Pantauan di lokasi, Sabtu, (10/1/2026) sore, menunjukkan air laut naik hingga masuk ke halaman rumah warga, jalan desa, dan pemakaman.

Sejumlah nisan tampak miring, sebagian kuburan ambrol, bahkan ada liang lahat yang terbuka karena tanah tergerus gelombang pasang.

Seorang warga setempat, Idi (54), mengaku kondisi tersebut sudah berlangsung cukup lama dan semakin parah setiap tahunnya.

“Dulu air laut tidak sampai ke makam, sekarang sudah menggerus banyak kuburan. Kalau tidak segera ditangani, kami khawatir makin banyak makam rusak,” ujarnya dengan nada cemas.

Hal serupa disampaikan Siti (41), warga pesisir lainnya. Ia mengungkapkan bahwa banjir rob tak hanya mengancam tempat tinggal, tetapi juga melukai perasaan warga karena makam keluarga mereka ikut terdampak.

“Ini bukan hanya soal rumah, tapi soal penghormatan kepada leluhur kami. Kuburan orang tua kami sekarang terendam dan rusak,” tuturnya.

Selain merusak pemakaman, banjir rob juga mengganggu aktivitas ekonomi warga. Banyak nelayan terpaksa menunda melaut karena akses jalan ke tambatan perahu terendam, sementara sebagian rumah warga mulai mengalami kerusakan pada pondasi dan dinding akibat genangan air asin.

Warga berharap pemerintah daerah dan provinsi Jawa Timur segera turun tangan dengan membangun tanggul permanen atau sistem pengamanan pantai yang lebih kuat.

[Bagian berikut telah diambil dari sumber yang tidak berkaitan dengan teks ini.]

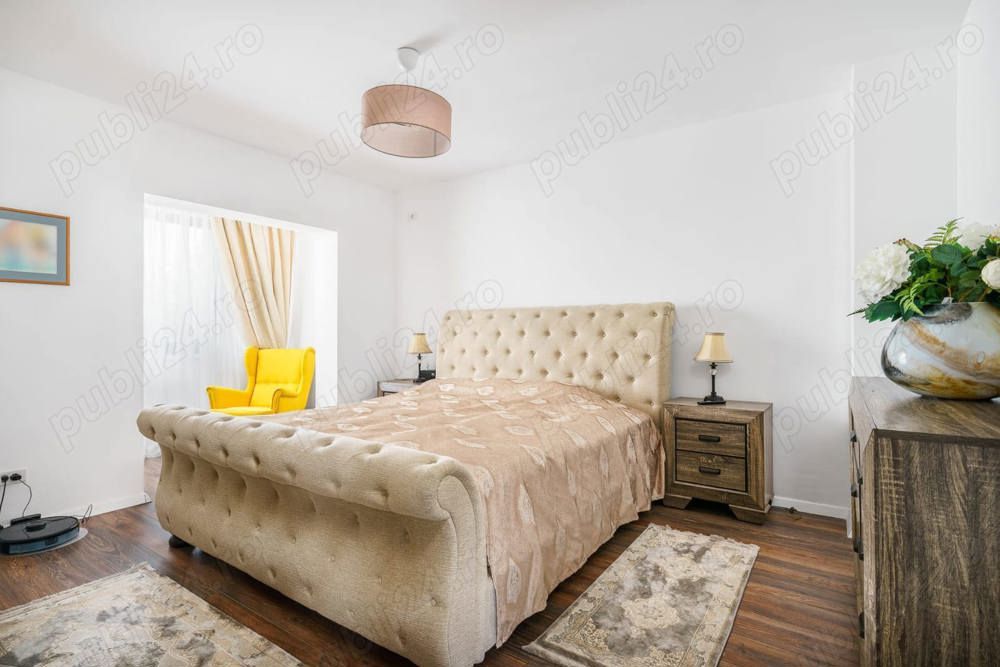Vand apartament 5 camere ,200mp ,parter + curte proprie 150 mp — fotografia 3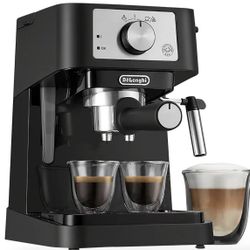 De'Longhi Stilosa 15 Bar Pump Espresso Machine in Black and Stainless Steel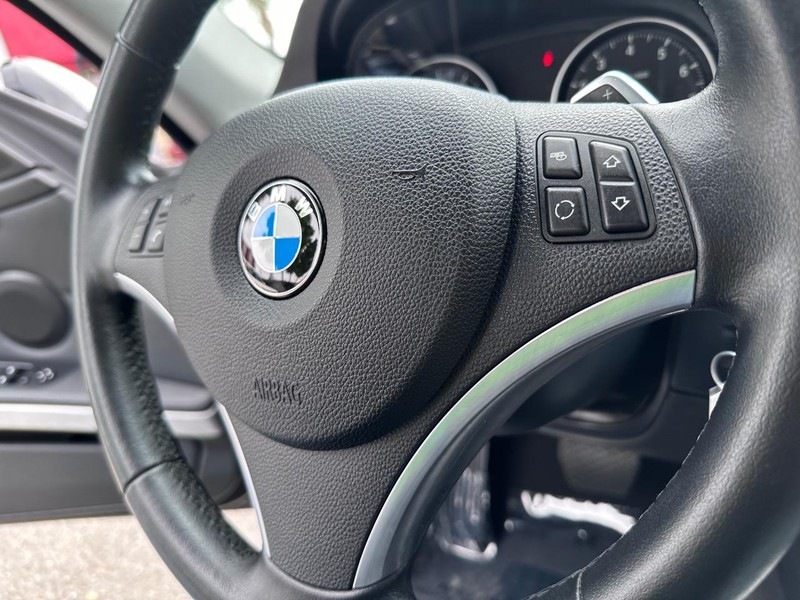 BMW 3 Series Vehicle Full-screen Gallery Image 23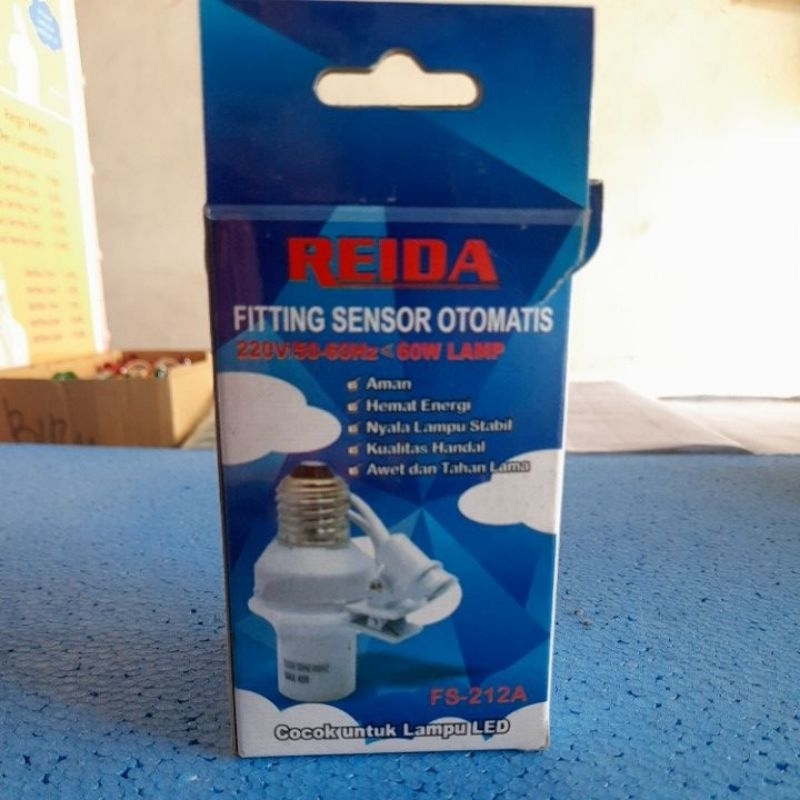 Fitting Sensor Otomastis Merk reida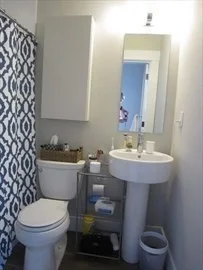3 bed, 2 bath apartment for rent at 25 Grant Unit 1, Riverside — photo 16 of 20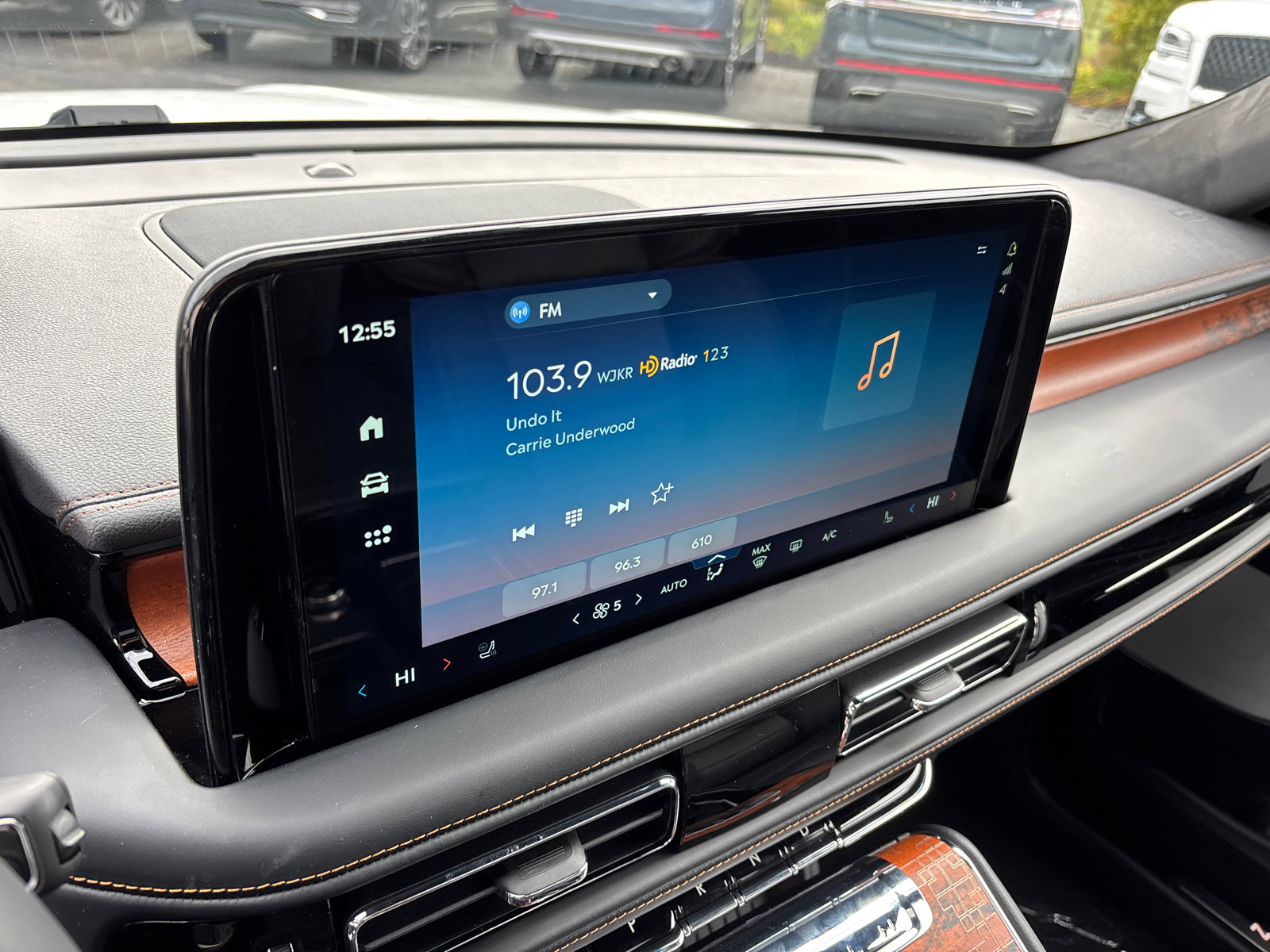 New 2026 Lincoln Aviator Black Label w/ Black Label Special Edition image 21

Selama ini, upaya penanganan hanya bersifat sementara dengan pemasangan karung pasir dan tanggul darurat yang tak mampu menahan derasnya air laut.

“Kami tidak minta yang muluk-muluk, cukup ada tanggul yang kuat supaya air laut tidak terus masuk ke desa dan merusak makam serta rumah kami,” tegas Idi.

Hingga berita ini diturunkan, warga masih berjibaku menyelamatkan barang-barang berharga dan memperbaiki kuburan keluarga yang terdampak.

Mereka berharap tragedi ini menjadi perhatian serius seluruh pihak sebelum kerusakan semakin meluas.